For the listing below, the answer is an exact retyping of the lines from the one with "Artist Applying Makeup" through the one with "Illustration of mountains", both included, without pictures.
Segment Start: Dataset excerpts
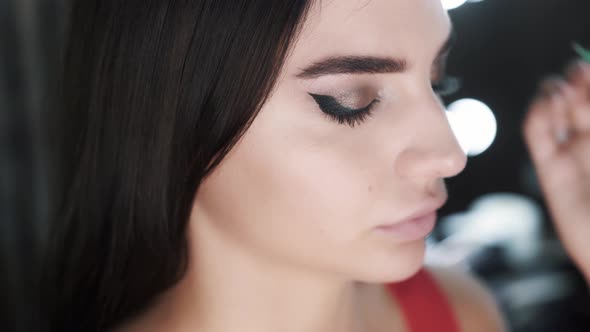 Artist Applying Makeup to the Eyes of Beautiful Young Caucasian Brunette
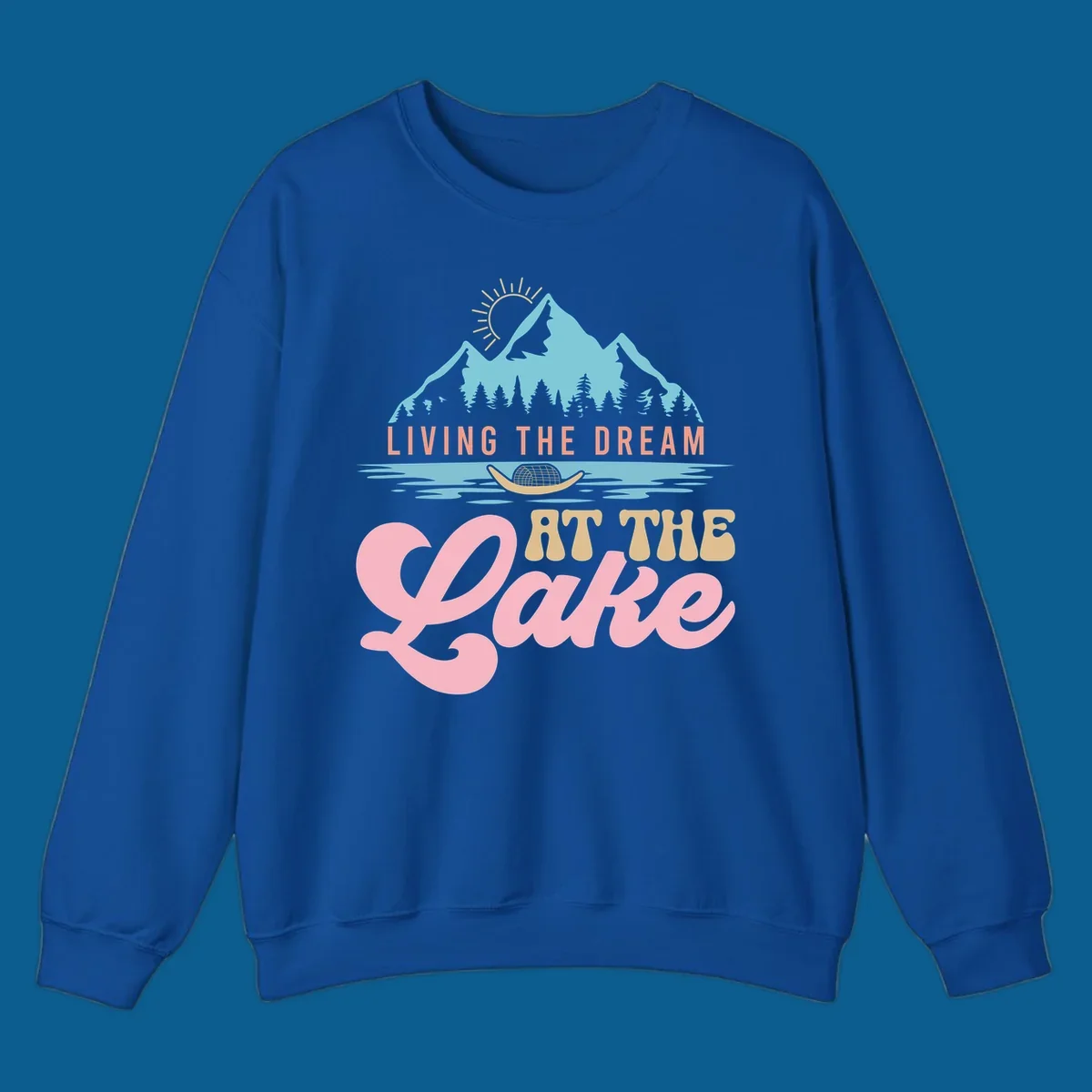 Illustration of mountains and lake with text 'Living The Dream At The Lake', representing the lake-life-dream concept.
Segment End: Dataset excerpts
Segment Start: Dataset excerpts
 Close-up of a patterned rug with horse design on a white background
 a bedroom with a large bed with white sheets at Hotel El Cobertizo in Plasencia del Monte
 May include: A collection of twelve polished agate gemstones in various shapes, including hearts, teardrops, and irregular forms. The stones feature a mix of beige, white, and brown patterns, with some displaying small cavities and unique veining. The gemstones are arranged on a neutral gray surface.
Segment End: Dataset excerpts
- _Task result_
 Artist Applying Makeup to the Eyes of Beautiful Young Caucasian Brunette
 Illustration of mountains and lake with text 'Living The Dream At The Lake', representing the lake-life-dream concept.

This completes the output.